§ WORK ITEM: Exactly as written, transcribe the data from its opening line through the line containing "COMMODITY HEDGE POSITION". Leave every picture out.

(Collected data)
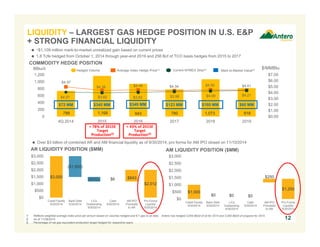 788 1,168 943 780 1,073 818
$4.97
$4.38 $4.46 $4.34 $4.50 $4.41
$4.07 $3.82 $3.83 $3.96 $4.09 $4.21
$0.00
$1.00
$2.00
$3.00
$4.00
$5.00
$6.00
$7.00
0
200
400
600
800
1,000
1,200
4Q 2014 2015 2016 2017 2018 2019
BBtu/d $/MMBtu
12
Average Index Hedge Price(1)Hedged Volume Current NYMEX Strip(2)
COMMODITY HEDGE POSITION
1. Reflects weighted average index price per annum based on volumes hedged and 6:1 gas to oil ratio. Antero has hedged 3,000 Bbl/d of oil for 2014 and 2,000 Bbl/d of propane for 2015.
2. As of 11/28/2014.
3. Percentage of net gas equivalent production target hedged for respective years.
 ~$1,109 million mark-to-market unrealized gain based on current prices
 1.8 Tcfe hedged from October 1, 2014 through year-end 2019 and 256 Bcf of TCO basis hedges from 2015 to 2017
$72 MM $345 MM $349 MM $123 MM $160 MM $60 MM
Mark-to-Market Value(2)
LIQUIDITY – LARGEST GAS HEDGE POSITION IN U.S. E&P
+ STRONG FINANCIAL LIQUIDITY
$3,000
$2,012
($1,505)
($332) $6 $843
$0
$500
$1,000
$1,500
$2,000
$2,500
$3,000
Credit Facility
9/30/2014
Bank Debt
9/30/2014
L/Cs
Outstanding
9/30/2014
Cash
9/30/2014
AM IPO
Proceeds
to AR
Pro Forma
Liquidity
9/30/2014
AR LIQUIDITY POSITION ($MM) AM LIQUIDITY POSITION ($MM)
$1,000
$1,250
$0 $0 $0
$250
$0
$500
$1,000
$1,500
$2,000
$2,500
$3,000
Credit Facility
9/30/2014
Bank Debt
9/30/2014
L/Cs
Outstanding
9/30/2014
Cash
9/30/2014
AM IPO
Proceeds
to AM
Pro Forma
Liquidity
9/30/2014
≈ 78% of 2015E
Target
Production(3)
≈ 43% of 2015E
Target
Production(3)
 Over $3 billion of combined AR and AM financial liquidity as of 9/30/2014, pro forma for AM IPO closed on 11/10/2014
 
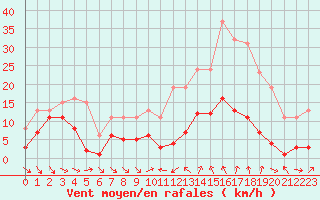 Courbe de la force du vent pour Le Luc (83)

§ RESULT:
 788 1,168 943 780 1,073 818
$4.97
$4.38 $4.46 $4.34 $4.50 $4.41
$4.07 $3.82 $3.83 $3.96 $4.09 $4.21
$0.00
$1.00
$2.00
$3.00
$4.00
$5.00
$6.00
$7.00
0
200
400
600
800
1,000
1,200
4Q 2014 2015 2016 2017 2018 2019
BBtu/d $/MMBtu
12
Average Index Hedge Price(1)Hedged Volume Current NYMEX Strip(2)
COMMODITY HEDGE POSITION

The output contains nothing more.